Тихончик нынче вроде бы и прежнего прозвания человек, однако ж с какой-то особенной приемлемостью себя в мирском окружении, с чувствами мягкими и нежными. Прикоснись к ним, и ощутишь в них влекущее, а потом и хотел бы отъединиться от блаженного, да уж не сумеешь… Тихончик вроде бы понимал это, но не возгордился, а даже застеснялся, уж и к тонкоствольному деревцу, выброшенному на закаменелый берег из ближней рощи и тут же зацепившемуся за упругую неразъемную землю, только и прикоснется шершавой ладонью и тотчас отдернет руку, как бы боясь причинить ей, ослабленной упорным бореньем с ветром, что колышут байкальские волны, ломают и матерые деревья, нечаянную боль. В его бормотании выговаривалась тихая и грустная мелодия, и вправду, никем не слышанная, однако ж понятная и деревьям, что постанывали, а теперь вдруг притихли и внимали ей, напрягшись, стараясь уловить всю ее, полюбившуюся им, чуть отступившим от берега, на котором вытянулась одна на диво прямая березка. Тихончик и впрямь словно бы понимал про себя и старался быть пуще обычного ласковым в своем обращении к сущему и тянул руки к небу. И тогда в его мелодичном бормотании все напрягалось, звенело, и странно, что и в такую минуту его сердце выдерживало, не рвалось на куски. А то он вдруг наклонялся и трогал захолодавшие камни, точно бы пытаясь передать им тепло души, и тогда бормотание ослабевало, казалось, что уже не наберет прежней силы. Но стоило Тихончику подойти к тонкоствольному, еще не поломанному, обереженному для каких-то целей деревцу, как мелодия упрочнялась и подвигалась к ведомому лишь ей неближнему пределу. Однако ж и сам Тихинчик ничего бы не смог поведать про нее. Если бы у него начали допытываться, он, наверное, пуще того помягчел бы и что-то сказал бы на странном своем смутном языке, ненадолго прервав мелодию, а потом снова поднял бы ее, покинув людей в прежнем их неведеньи.

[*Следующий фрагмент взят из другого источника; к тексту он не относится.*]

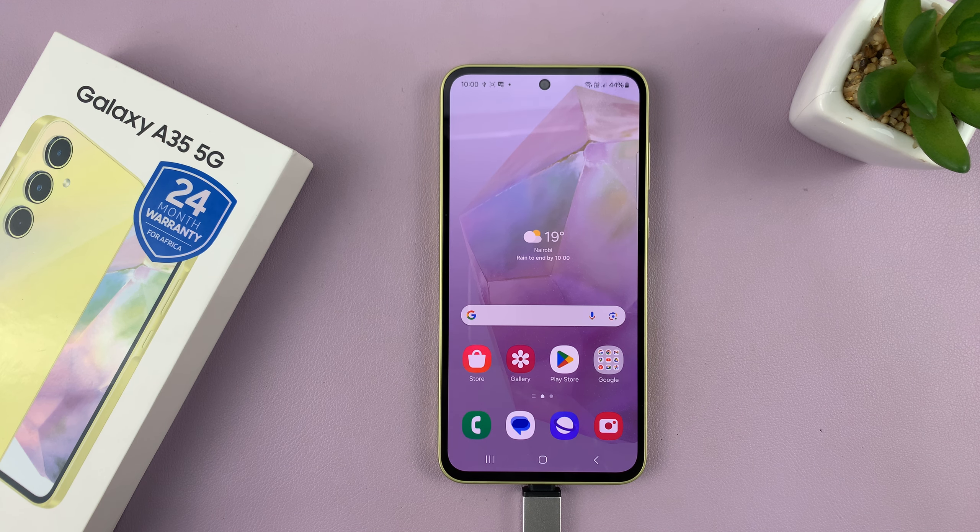I'll be showing you how to safely unmount USB devices from your Samsung Galaxy A35 5G. If you have a USB device connected, like a storage device, then what you need to do is go to Files.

Агалапея вышла из избы, кутаясь в черную шаль, накинутую поверх курмушки. Подворье было порушено и уже без живности… Впрочем, это не совсем так, из полуразвалившейся стайки, сколоченной из тонких гибких жердин, вылезла безрогая белая коза. Стайка еще долго простояла бы хотя и без доброго скотьего тепла, да в прошлом месяце какой-то здоровенный бугай из числа расконвоированных полез на нее грудью и продавил крышу, помстилось неразумному, будто там скрывают от него маковые головки, высушенные на гибком, остро пахнущем жареными зернами листе, тогда-то и сдвинулась стайка, скособочилась, все ж не упала и теперь еще не прогибается на ветру… Воровской глаз выискивал и живность. А она-таки была в стайке, да где бугаю отыскать ее. Старая коза наловчилась отличать варнака от простого смертного, выделяла и новенького, а не только того, кто в прошлые разы вынюхивал. Вот учует она от лагерной братвы засланного и убежит за стайку, забьется в конуру (Собаки-то нет, подалась в лес, поняв, что на отчем подворье кормиться нечем), ну, забьется коза в конуру и сидит там, притихши. А когда варнак, отбедокурив, уйдет со двора, скрипя скрученными голяшками рыжих сапог, она выберется из конуры, подступит к хозяйке, заблеет, подслеповато щурясь, точно бы жалуясь на судьбу, что велит ей невесть где противно своему естеству прятаться. А порою коза ходила вместе с хозяйкой по лесу ли, по байкальскому ли плесу, не отставая ни на шаг. Агалапея замечала ее старание и норовила укоротить шаг. Подчас сердилась, это если коза уж очень старалась и дышала тяжело. Агалапея с укором смотрела на нее, говорила в сердцах:

— Во навязалась на мою душу, а? И чего ей не лежится во дворе и все тащит куда-то?.. Ну, зачем ты нужна мне?.. Ни молока от тебя, ни… Ну, погодь, вот изловит тебя нечестивец и сожрет изголодамшийся.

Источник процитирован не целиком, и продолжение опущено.